A new political map for Wychavon District Council
Wychavon is set to have new boundaries for its council wards.
New wards for Wychavon District Council
Click map for high resolution version
Credit: contains Ordnance Survey data (c) Crown copyright and database rights 2022
The Local Government Boundary Commission is the independent body that draws these boundaries. It has reviewed Wychavon to make sure councillors will represent about the same number of electors, and that ward arrangements will help the council work effectively.
The Commission has published final recommendations for changes Wychavon District Council. It says residents should be represented by 43 councillors. This is two fewer than the current arrangements.
There will be two three-councillor wards, 12 two-councillor wards, and 13 single-councillor wards. This is five fewer wards than there are now. The boundaries of most wards have been changed in our final recommendations; eight will stay the same.

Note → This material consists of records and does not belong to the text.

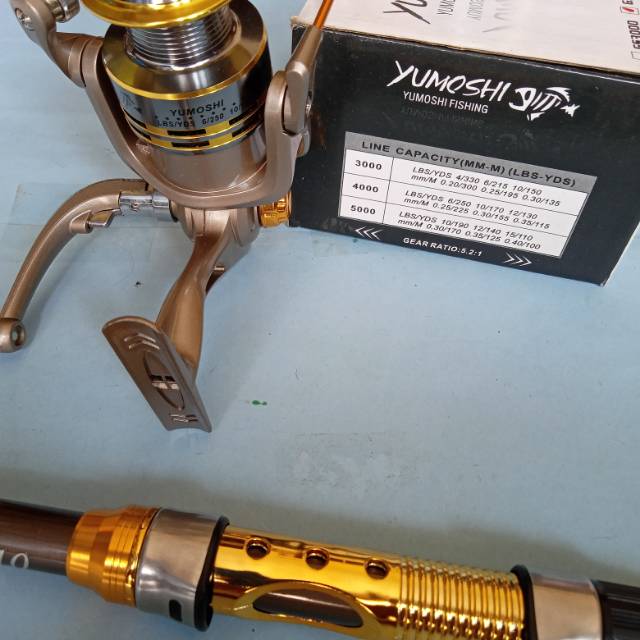 Joran laut 2.1 m + Reel yumoshi 4000
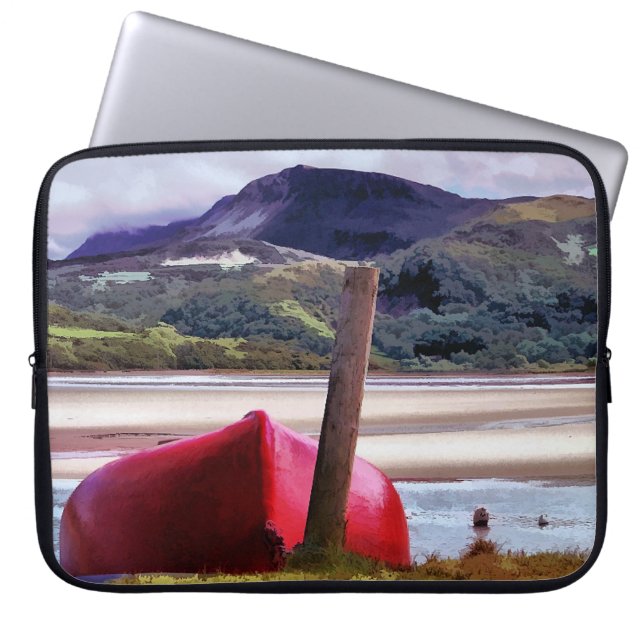 BOOT- EN MOUNTAINENLANDSCHAP LAPTOP SLEEVE (Voorkant)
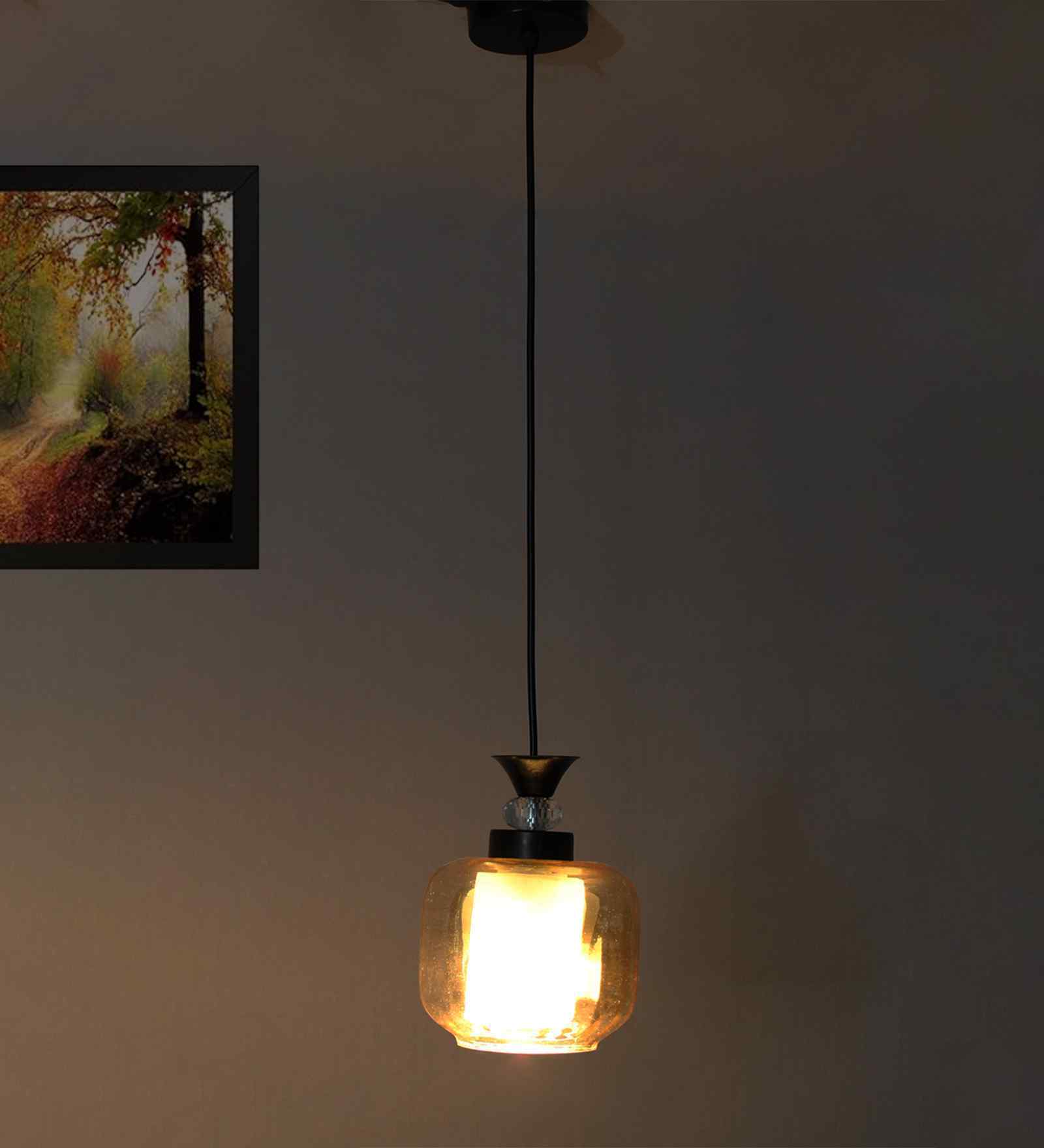 Modern Amber Glass Pendant Light Black Finish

Publishing the recommendations Professor Colin Mellors, Chair of the Commission, said:
“We are very grateful to people in Wychavon. We looked at all the views they gave us. They helped us improve our earlier proposals.
“We believe the new arrangements will guarantee electoral fairness while maintaining local ties.”
403 local residents and organisations made comments to help decide the new wards. Changes in response to what local people said include:
- Great Comberton and Little Comberton parishes placed in a Bredon Hill ward
- Wick parish placed in a Fladbury ward, rather than a Pershore ward
The Commission has made further changes to its earlier proposals. Details can be found on its website.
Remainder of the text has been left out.